▶ PROVIDED MATERIAL
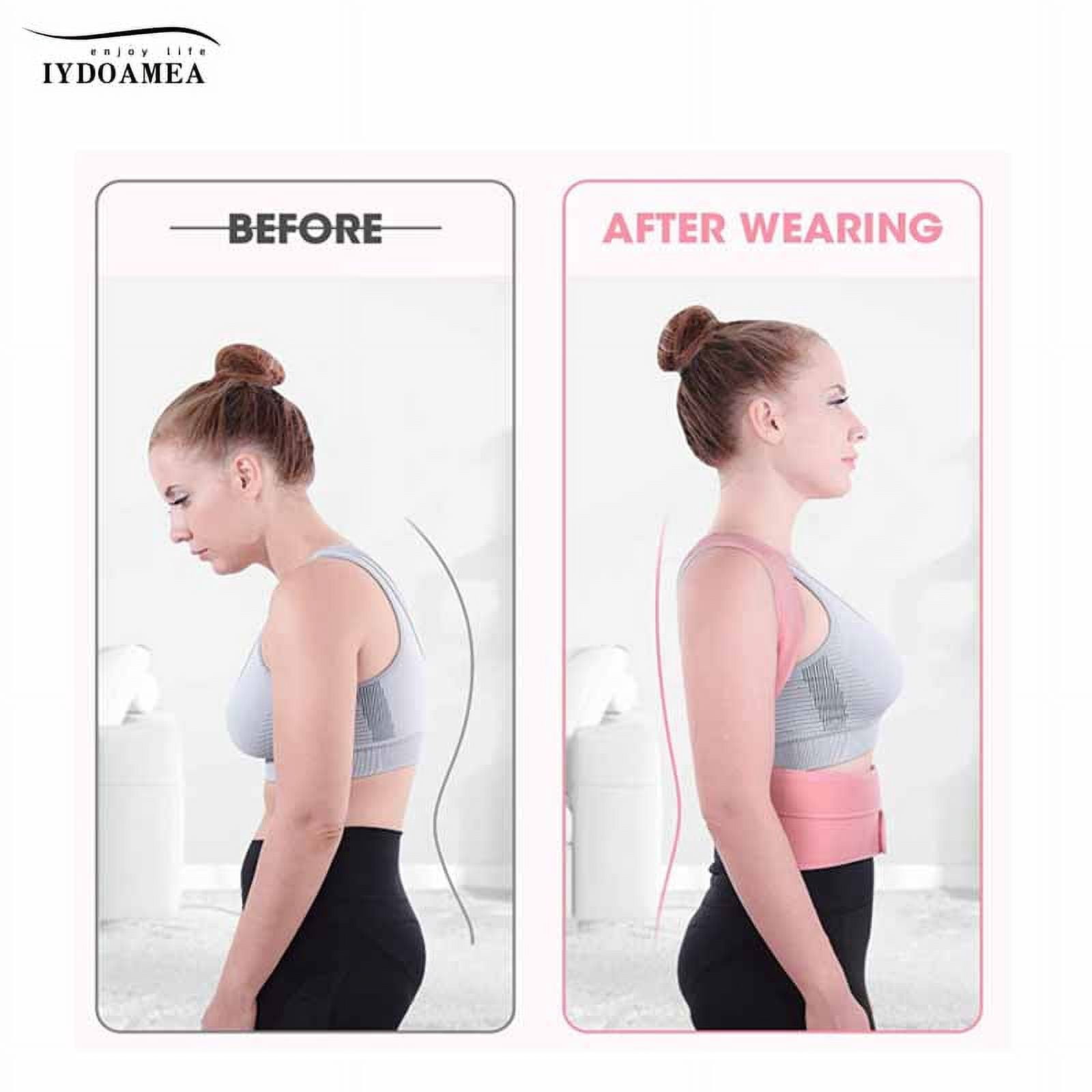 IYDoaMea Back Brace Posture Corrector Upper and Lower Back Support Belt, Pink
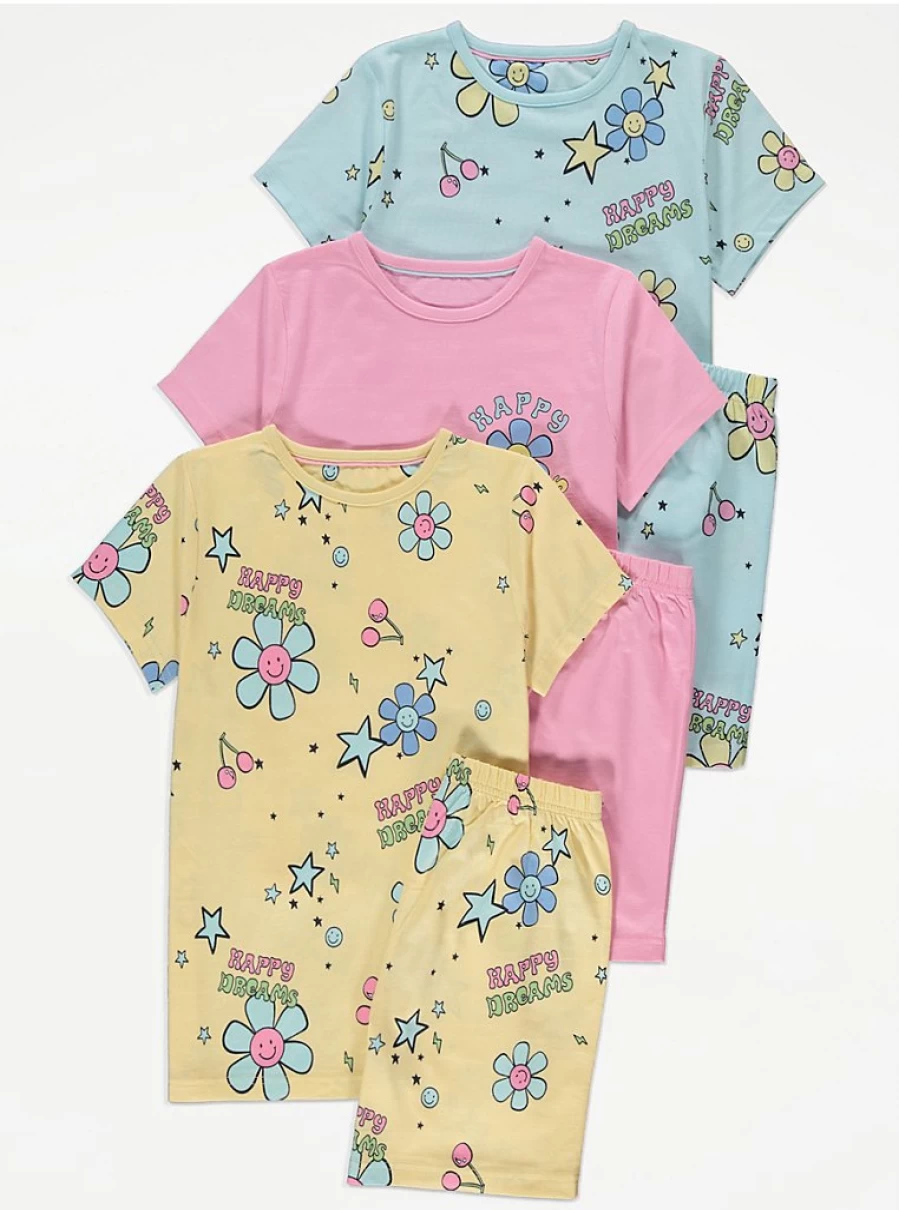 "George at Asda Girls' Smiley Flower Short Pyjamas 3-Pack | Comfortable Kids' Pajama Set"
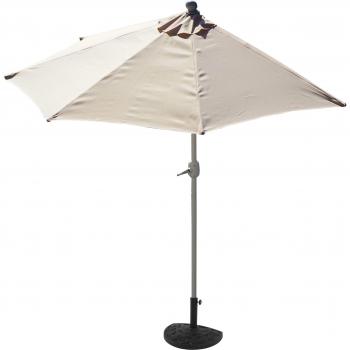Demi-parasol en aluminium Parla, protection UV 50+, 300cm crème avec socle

▶ TASK DESCRIPTION
Repeat the data above exactly, images excluded.

▶ WRITTEN ANSWER
 IYDoaMea Back Brace Posture Corrector Upper and Lower Back Support Belt, Pink
 "George at Asda Girls' Smiley Flower Short Pyjamas 3-Pack | Comfortable Kids' Pajama Set"
Demi-parasol en aluminium Parla, protection UV 50+, 300cm crème avec socle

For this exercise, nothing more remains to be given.